# Work in Florida - Live in Bahamas



## Patch66 (Nov 25, 2012)

I may have a chance to relocate to Florida, if the numbers are good enough was thinking of staying in Florida 3-4 days a week and having a home in Bahamas (rent and or buy), this would allow my family to live for most of the year in Bahamas and our son to get a UK type education there as they run GCSE program. Initial research suggests no hurdles in the way, ie we can stay in Bahamas for up to 8 months of the year which would cover the school terms, indeed if we buy then we automatically are entitled to a residence card , this would lift the 8 month restriction. Anything I am missing ? , apart from the weather risk on the islands, Thanks.


----------



## BBCWatcher (Dec 28, 2012)

It can be done. Commuting costs and inconvenience will be a major factor, though if your family is living somewhere with U.S. CBP pre-clearance that'd be much better. Nassau (Lynden Pindling International Airport) and Freeport (Grand Bahama International Airport) are the two airports in the Bahamas offering that service. I'd also sign up for U.S. Global Entry if/when you're eligible.

Obviously you cannot do pull this off without legal work permission in the U.S. (or U.S. citizenship, U.S. nationality, or U.S. permanent residency).


----------



## Patch66 (Nov 25, 2012)

thanks for reply, my company will cover Visa side of thing for US so all good, as we are British also no issue with extended stay in the Bahamas,due to continued colonial ties thankfully, with regards to Airports, thanks, was aware of that, there is also an option of a 2hr boat ride from Florida/Miami into Grand Bahama so that option too, weather permitting of course. Another option would be to have the family live in Atlanta where this is also UK style educational programs but I have no clue about Atlanta


----------



## twostep (Apr 3, 2008)

Patch66 said:


> thanks for reply, my company will cover Visa side of thing for US so all good, as we are British also no issue with extended stay in the Bahamas,due to continued colonial ties thankfully, with regards to Airports, thanks, was aware of that, there is also an option of a 2hr boat ride from Florida/Miami into Grand Bahama so that option too, weather permitting of course.
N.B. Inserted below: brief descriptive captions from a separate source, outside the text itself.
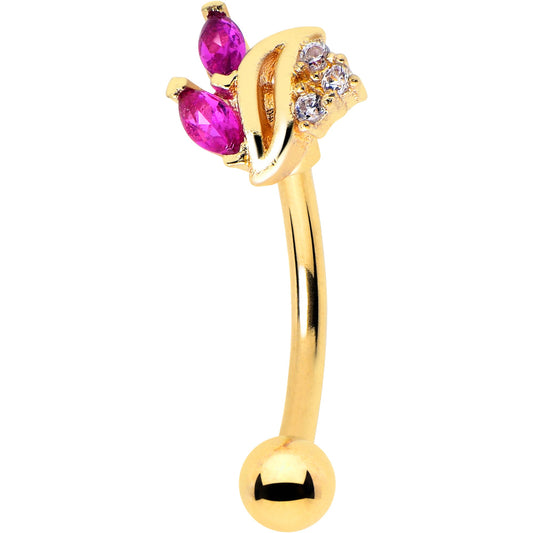 16G 5/16 Red CZ Gem Gold Tone Swirl Fan Curved Eyebrow Ring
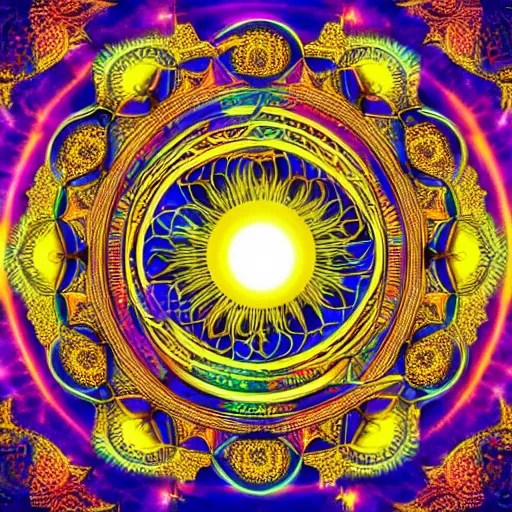 Image similar to rainbowcore, golden Gemini sign glowing, surrounded by lotus, with the sun shining with the moon, with detailed mandala filled with fractals, bioluminescence, glowing runes, de-noise, symmetrical composition, high detailed, super clear, ornate border, 32k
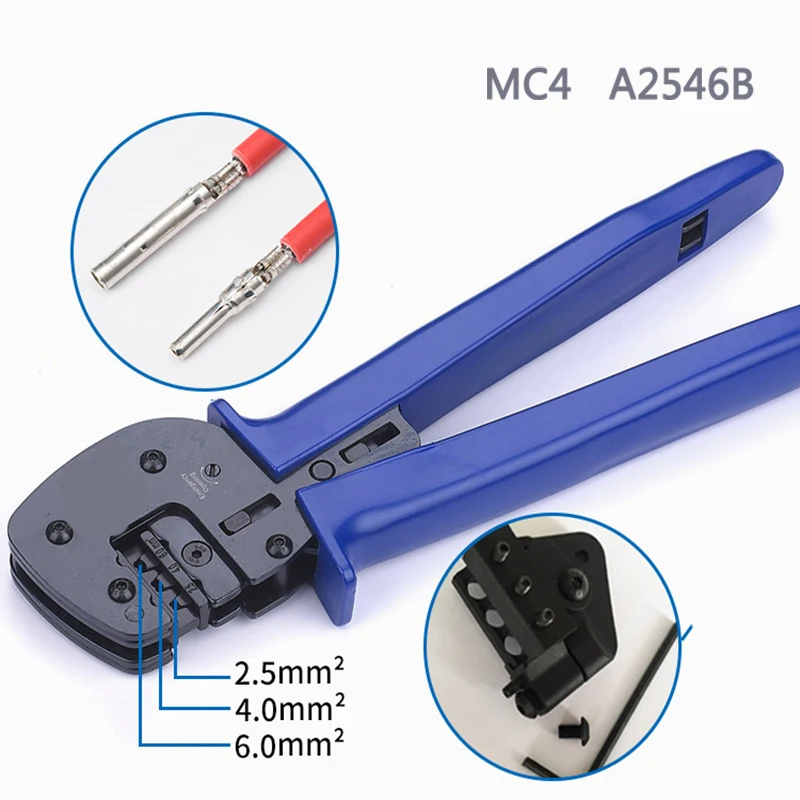 Mc4 Crimping Tool - คีมหนีบคีมย้ำสายไฟพลังงานแสงอาทิตย์, เครื่องมือย้ำสำหรับข้อต่อ MC3ข้อต่อ4ชิ้น A-2546B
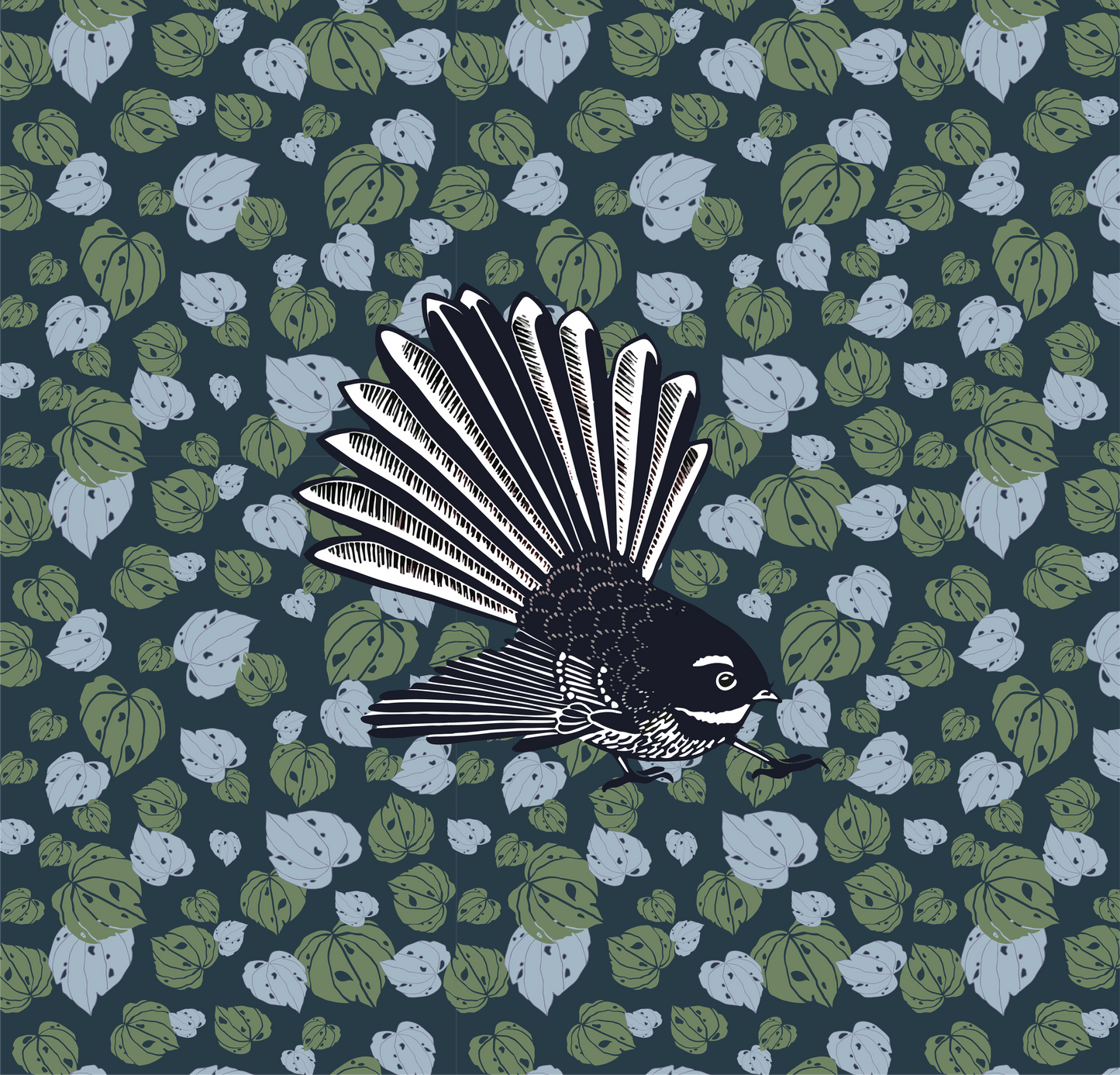 NZ Bird Series - Kawakawa Fantail - Custom Sized Wallpaper Mural (per m2)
Another option would be to have the family live in Atlanta where this is also UK style educational programs but I have no clue about Atlanta


Atlanta: rather diverse city, you are in the mountains in no time, the beach is for most a week end trip, art/food, international airport, traffic is awful to say the least, mild winters, hot summers.

UK style education is widely available in the US if that is your focus.


----------